_RECORDS TO PROCESS_:
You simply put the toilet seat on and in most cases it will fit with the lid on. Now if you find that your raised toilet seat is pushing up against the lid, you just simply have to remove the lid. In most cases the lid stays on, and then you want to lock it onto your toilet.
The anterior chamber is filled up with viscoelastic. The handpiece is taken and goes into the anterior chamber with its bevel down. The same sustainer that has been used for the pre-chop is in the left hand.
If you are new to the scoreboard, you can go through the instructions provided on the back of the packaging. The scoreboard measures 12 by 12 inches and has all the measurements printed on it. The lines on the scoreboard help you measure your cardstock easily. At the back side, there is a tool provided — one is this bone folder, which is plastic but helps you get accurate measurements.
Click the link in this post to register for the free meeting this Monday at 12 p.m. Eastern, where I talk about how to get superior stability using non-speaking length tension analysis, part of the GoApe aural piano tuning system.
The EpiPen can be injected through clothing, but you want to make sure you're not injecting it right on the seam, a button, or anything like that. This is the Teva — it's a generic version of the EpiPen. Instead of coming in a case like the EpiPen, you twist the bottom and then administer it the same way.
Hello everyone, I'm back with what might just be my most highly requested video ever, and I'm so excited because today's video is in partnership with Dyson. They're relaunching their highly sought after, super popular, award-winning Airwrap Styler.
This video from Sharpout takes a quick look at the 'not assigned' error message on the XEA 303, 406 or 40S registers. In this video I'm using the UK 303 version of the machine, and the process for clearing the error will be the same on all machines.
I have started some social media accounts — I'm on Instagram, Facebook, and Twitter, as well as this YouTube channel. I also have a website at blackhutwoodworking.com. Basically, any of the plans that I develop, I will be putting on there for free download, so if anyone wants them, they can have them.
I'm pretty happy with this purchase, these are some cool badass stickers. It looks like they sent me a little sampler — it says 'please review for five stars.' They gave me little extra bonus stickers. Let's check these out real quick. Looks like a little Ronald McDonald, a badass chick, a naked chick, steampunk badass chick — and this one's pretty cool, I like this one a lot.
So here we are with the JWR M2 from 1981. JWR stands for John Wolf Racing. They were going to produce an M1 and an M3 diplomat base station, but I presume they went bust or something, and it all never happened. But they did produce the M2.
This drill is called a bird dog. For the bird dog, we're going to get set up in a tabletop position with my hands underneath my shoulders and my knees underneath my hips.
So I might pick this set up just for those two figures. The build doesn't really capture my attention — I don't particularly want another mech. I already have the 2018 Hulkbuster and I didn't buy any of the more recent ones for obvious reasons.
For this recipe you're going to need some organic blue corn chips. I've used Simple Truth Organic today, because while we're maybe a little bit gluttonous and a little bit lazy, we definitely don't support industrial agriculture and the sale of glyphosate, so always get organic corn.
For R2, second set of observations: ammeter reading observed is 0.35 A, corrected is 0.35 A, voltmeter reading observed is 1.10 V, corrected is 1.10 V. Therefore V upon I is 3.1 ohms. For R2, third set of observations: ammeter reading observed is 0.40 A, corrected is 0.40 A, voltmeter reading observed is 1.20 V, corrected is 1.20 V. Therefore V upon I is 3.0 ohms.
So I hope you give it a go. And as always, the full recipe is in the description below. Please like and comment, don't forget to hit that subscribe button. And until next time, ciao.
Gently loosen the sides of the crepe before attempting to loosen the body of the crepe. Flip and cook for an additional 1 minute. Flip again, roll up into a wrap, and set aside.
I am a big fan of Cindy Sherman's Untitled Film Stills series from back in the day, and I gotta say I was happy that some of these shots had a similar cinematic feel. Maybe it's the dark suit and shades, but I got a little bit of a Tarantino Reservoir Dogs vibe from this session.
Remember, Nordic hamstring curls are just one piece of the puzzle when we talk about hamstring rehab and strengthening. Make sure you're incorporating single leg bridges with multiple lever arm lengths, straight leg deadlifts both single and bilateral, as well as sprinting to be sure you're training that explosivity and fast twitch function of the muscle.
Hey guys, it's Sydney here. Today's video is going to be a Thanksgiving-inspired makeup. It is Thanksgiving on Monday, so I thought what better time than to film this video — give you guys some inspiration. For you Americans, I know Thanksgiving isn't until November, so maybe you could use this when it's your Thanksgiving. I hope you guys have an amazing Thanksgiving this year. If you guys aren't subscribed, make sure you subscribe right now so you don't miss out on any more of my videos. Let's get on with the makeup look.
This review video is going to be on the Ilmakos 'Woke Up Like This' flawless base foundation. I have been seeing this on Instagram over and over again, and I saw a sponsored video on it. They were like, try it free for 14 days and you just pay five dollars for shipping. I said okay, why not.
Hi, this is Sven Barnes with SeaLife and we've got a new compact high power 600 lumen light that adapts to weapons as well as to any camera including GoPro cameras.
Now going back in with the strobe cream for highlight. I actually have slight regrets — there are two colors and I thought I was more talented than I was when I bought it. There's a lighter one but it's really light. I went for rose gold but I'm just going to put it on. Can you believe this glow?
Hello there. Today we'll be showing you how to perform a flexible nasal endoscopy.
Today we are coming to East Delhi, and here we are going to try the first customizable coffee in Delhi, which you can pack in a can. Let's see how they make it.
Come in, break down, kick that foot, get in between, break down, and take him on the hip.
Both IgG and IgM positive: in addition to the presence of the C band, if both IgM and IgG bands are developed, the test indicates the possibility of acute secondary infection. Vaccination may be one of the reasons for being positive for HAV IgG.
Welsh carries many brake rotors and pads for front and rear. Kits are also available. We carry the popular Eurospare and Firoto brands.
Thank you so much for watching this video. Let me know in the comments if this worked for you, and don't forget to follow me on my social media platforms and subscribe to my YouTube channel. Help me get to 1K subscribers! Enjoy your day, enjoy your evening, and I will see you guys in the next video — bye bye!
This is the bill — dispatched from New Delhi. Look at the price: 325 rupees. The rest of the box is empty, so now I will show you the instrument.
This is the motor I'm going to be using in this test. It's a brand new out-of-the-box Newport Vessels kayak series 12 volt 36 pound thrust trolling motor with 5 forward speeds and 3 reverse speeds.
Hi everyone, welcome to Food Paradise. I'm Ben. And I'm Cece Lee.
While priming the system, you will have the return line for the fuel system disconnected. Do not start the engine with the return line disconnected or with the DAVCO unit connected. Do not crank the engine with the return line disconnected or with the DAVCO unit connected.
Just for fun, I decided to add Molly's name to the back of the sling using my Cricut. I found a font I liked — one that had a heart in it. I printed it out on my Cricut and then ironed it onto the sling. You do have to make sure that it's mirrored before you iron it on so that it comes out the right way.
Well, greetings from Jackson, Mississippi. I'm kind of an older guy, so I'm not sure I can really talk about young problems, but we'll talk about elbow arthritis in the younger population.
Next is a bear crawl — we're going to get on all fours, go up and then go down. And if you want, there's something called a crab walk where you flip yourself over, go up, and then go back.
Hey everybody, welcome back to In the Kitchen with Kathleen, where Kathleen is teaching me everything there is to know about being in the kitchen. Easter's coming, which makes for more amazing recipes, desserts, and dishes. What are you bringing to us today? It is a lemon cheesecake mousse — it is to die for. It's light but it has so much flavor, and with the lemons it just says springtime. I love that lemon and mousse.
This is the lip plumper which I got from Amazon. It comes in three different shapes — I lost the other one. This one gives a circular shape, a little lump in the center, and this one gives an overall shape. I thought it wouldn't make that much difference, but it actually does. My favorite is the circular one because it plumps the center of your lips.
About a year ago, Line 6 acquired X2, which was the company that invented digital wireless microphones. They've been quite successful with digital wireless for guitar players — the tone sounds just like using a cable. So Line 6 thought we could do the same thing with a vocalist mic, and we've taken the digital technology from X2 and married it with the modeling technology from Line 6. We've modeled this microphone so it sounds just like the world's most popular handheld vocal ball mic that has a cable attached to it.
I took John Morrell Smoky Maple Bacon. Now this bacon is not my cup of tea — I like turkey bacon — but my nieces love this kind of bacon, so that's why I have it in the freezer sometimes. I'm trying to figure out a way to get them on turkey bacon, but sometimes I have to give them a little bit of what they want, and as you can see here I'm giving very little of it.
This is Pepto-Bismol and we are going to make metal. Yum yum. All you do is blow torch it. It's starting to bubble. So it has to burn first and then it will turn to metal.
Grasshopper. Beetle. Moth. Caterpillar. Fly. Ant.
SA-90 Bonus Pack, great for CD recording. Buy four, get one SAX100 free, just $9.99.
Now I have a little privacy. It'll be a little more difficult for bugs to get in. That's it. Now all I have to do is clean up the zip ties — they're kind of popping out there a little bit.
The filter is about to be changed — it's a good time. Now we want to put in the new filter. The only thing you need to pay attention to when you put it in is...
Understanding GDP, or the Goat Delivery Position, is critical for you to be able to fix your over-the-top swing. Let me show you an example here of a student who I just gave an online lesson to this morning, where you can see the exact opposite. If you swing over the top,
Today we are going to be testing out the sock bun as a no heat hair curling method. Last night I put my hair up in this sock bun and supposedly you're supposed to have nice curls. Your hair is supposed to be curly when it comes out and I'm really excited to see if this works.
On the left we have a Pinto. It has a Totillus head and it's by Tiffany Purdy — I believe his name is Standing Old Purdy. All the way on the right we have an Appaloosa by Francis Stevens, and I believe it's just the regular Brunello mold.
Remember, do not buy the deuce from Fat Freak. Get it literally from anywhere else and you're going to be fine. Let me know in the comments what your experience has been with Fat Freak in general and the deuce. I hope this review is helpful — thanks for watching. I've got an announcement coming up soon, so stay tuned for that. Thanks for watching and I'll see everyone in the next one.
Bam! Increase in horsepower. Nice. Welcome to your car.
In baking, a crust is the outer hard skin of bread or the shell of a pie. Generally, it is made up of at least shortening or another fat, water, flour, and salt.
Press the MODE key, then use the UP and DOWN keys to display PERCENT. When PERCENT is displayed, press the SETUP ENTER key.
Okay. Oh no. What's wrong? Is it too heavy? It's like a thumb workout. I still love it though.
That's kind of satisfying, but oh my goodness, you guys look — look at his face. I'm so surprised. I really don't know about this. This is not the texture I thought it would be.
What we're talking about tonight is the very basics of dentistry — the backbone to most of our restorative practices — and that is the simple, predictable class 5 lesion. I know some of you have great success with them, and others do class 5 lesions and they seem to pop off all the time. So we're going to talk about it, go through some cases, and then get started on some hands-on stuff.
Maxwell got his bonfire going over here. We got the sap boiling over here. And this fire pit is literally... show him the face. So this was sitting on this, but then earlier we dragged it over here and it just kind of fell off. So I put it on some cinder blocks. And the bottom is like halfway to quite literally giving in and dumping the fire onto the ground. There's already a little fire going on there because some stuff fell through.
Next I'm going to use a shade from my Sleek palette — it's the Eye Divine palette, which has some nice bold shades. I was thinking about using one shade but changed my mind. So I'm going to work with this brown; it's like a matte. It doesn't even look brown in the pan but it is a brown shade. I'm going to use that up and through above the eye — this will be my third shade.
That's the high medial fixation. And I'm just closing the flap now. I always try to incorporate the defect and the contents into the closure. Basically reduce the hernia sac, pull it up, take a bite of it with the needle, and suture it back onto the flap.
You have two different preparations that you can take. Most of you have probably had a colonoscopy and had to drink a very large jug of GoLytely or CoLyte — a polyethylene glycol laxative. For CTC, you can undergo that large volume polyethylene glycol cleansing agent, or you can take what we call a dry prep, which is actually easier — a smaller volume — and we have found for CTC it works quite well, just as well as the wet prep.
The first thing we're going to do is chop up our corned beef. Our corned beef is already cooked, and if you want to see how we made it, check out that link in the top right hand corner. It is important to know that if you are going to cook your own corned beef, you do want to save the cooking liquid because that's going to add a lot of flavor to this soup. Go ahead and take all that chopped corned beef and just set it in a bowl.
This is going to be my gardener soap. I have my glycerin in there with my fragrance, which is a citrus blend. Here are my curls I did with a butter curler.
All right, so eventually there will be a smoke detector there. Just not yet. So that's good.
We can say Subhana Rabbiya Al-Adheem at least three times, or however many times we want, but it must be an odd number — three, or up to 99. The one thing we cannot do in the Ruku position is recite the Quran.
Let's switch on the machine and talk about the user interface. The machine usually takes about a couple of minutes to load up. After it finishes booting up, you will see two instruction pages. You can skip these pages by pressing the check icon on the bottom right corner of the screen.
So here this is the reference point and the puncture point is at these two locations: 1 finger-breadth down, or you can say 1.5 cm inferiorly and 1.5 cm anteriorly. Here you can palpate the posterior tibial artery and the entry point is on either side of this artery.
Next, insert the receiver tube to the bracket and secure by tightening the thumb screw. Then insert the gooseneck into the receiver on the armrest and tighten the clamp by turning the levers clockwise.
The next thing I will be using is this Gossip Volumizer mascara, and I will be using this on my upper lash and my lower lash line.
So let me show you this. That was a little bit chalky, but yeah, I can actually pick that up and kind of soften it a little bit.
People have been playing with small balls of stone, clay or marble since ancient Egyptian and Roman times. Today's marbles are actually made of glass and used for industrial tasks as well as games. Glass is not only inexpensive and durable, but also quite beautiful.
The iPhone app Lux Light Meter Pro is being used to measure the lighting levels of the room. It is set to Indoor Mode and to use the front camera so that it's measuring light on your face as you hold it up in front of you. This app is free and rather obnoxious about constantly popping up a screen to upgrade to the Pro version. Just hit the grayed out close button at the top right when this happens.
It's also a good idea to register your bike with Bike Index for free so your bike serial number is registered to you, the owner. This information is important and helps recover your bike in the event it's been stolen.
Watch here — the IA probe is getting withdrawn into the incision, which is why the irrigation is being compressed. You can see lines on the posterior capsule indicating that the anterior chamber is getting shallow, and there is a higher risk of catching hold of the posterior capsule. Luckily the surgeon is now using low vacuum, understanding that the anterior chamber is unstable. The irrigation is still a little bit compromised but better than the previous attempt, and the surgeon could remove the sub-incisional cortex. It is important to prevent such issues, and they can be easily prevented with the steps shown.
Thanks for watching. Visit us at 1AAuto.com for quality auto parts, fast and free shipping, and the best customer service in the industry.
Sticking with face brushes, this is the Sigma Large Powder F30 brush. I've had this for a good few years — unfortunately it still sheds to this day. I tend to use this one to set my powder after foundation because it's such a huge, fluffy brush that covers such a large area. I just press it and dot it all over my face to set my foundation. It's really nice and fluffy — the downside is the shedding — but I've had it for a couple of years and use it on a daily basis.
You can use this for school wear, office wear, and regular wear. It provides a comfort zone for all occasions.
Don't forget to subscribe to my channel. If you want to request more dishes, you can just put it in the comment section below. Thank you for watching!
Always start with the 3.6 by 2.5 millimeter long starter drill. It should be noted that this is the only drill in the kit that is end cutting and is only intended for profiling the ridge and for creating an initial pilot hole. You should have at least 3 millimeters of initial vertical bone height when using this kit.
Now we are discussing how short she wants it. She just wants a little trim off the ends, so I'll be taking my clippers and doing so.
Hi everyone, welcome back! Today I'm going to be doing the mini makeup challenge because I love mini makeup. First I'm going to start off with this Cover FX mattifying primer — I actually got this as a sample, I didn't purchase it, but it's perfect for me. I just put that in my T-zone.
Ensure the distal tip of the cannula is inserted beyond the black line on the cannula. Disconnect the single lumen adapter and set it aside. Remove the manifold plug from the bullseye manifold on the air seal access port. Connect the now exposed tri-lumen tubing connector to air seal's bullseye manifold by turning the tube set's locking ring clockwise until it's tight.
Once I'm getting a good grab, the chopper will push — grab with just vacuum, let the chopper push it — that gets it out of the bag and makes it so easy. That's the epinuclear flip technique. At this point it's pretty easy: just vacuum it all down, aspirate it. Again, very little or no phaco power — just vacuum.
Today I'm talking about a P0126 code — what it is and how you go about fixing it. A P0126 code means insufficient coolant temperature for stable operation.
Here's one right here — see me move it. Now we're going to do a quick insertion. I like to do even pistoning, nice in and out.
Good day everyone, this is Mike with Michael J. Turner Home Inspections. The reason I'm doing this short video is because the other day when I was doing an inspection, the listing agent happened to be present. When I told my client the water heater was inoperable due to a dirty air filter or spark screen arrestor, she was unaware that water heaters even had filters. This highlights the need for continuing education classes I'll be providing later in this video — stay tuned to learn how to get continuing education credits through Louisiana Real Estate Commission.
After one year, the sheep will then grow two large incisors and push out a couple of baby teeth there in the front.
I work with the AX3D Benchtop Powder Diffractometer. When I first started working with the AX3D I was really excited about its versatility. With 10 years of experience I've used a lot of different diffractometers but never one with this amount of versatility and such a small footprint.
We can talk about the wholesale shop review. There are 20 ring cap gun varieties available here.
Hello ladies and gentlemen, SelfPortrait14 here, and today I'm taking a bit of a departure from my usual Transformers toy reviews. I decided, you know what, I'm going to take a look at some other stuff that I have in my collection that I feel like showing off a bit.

_WHAT THE EXERCISE ASKS_:
Could you write out, exactly as they stand, only the lines above that begin at the line with "The filter is" and stop after the line with "Understanding GDP, or"?

_ANSWER TO THE EXERCISE_:
The filter is about to be changed — it's a good time. Now we want to put in the new filter. The only thing you need to pay attention to when you put it in is...
Understanding GDP, or the Goat Delivery Position, is critical for you to be able to fix your over-the-top swing. Let me show you an example here of a student who I just gave an online lesson to this morning, where you can see the exact opposite. If you swing over the top,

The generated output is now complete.